In 2017, The Davenant Institute released Natural Law: A Brief Introduction and Biblical Defense by David Haines and‎ Andrew A. Fulford. Haines teaches Christian apologetics and philosophy for a number of Canadian seminaries, and is the founder of the Christian Philosophy and Apologetics Center, which provides university level courses in philosophy and apologetics to the Francophone world. Andrew Fulford is a Ph.D candidate at McGill University.

From the publisher's description:
 As Christians, we affirm that Scripture is our supreme guide to truth and righteousness. Some wish to go further and assert that it is our only guide. But how then can we account for the remarkable insight and moral integrity that many unbelievers seem to display? Indeed, how to account for the myriad ways in which believers themselves navigate the world based on knowledge and intuition not always derived from Scripture?
Enter the doctrine of natural law. Frequently misrepresented as an assertion of the autonomous power of human reason or as a uniquely Roman Catholic doctrine, natural law has actually been an integral part of orthodox Christian theology since the beginning, and is even clearly asserted in Scripture itself.

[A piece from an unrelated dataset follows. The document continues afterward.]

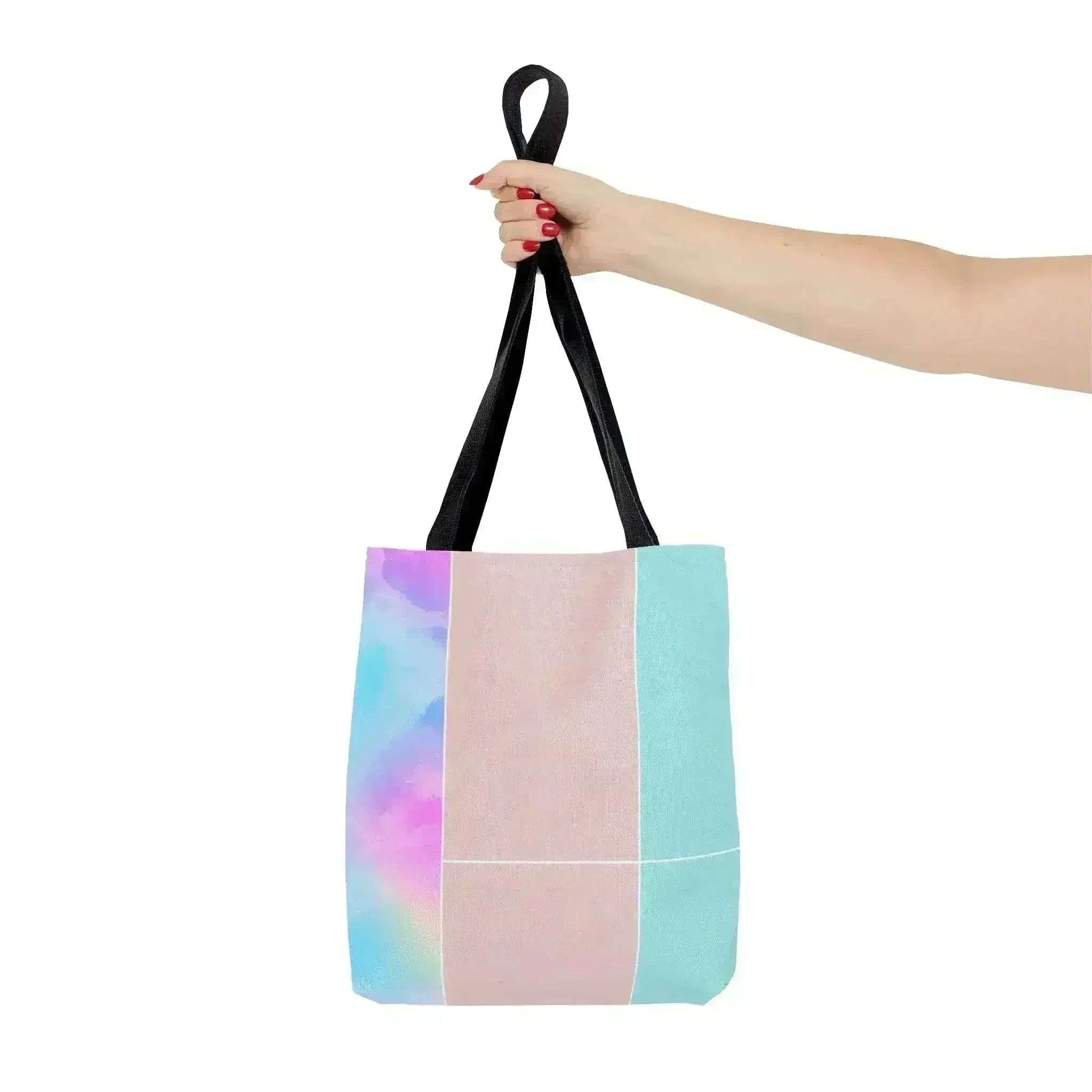 Large Tote Bag Pastel Colorblock Watercolor Illustration - Femstylo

In this brief guide, David Haines and Andrew Fulford explain the philosophical foundations of natural law, clear up common misunderstandings about the term, and demonstrate the robust biblical basis for natural law reasoning.

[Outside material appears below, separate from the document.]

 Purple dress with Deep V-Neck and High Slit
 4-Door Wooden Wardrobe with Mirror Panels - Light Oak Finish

Read an excerpt of the book here.

Of the book, Philosophia Christi contributors, J.P. Moreland and Paul Helm say the following:
This is a Guide that has considerable depth, indeed two distinct dimensions. The reader is first guided to the philosophical roots of natural law thinking in ancient and scholastic philosophy; then secondly to the Biblical evidence for natural law. The result makes for a first-rate, thought-provoking introduction.
-- Paul Helm, Professor Emeritus, King's College, London.

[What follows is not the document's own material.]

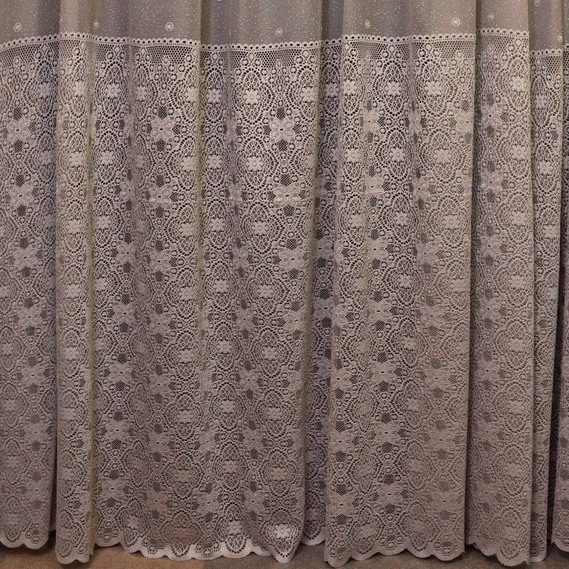 Тюль жаккард Изадора кайма V-1285 шоколад, фото 1 Тюль жаккард Изадора кайма V-1285 шоколад, фото 1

Natural Law: A Brief Introduction and Biblical Defense could not have come at a better time. One does not need to be a rocket scientist to see that the increasing secularization of Western culture has lead to ethical, theological and behavioral chaos and relativism. Christians must speak clearly and convincingly about the messy issues of our day, but they, especially Protestants, are ill-prepared to engage the world of ideas without citing the Bible. Among other things, this implies that Christians should be laboring for a theocracy, but this is not what is needed and the state must have some sort of guidance to carry out its mission of punishing wrongdoing in Romans 13 without the scriptures. The existence, nature and knowability of natural moral law is what meets these needs.Fulford and Haines have provided an outstanding work that must get a wide readership if Christians are to re-engage the public square thoughtfully and appropriately. They follow a carefully developed order of presentation in this book. Before giving what may be the best recent biblical defense of natural law theory, they rightly are concerned to make very clear exactly what natural law is. Refreshingly, they ground natural law in solid metaphysical treatments of God's relation to the natural law and in the metaphysics of the creation within which natural law makes sense. This is followed by unpacking the claim that natural moral law is knowable by human beings. Given this treasure-trove of background, the biblical defense of natural moral law is clarified. I am excited about this book! And I thank God for Fulford and Haines who took great effort and much time to serve the church with this resource. 
--JP Moreland, Distinguished Professor of Philosophy, Talbot School of Theology, Biola University.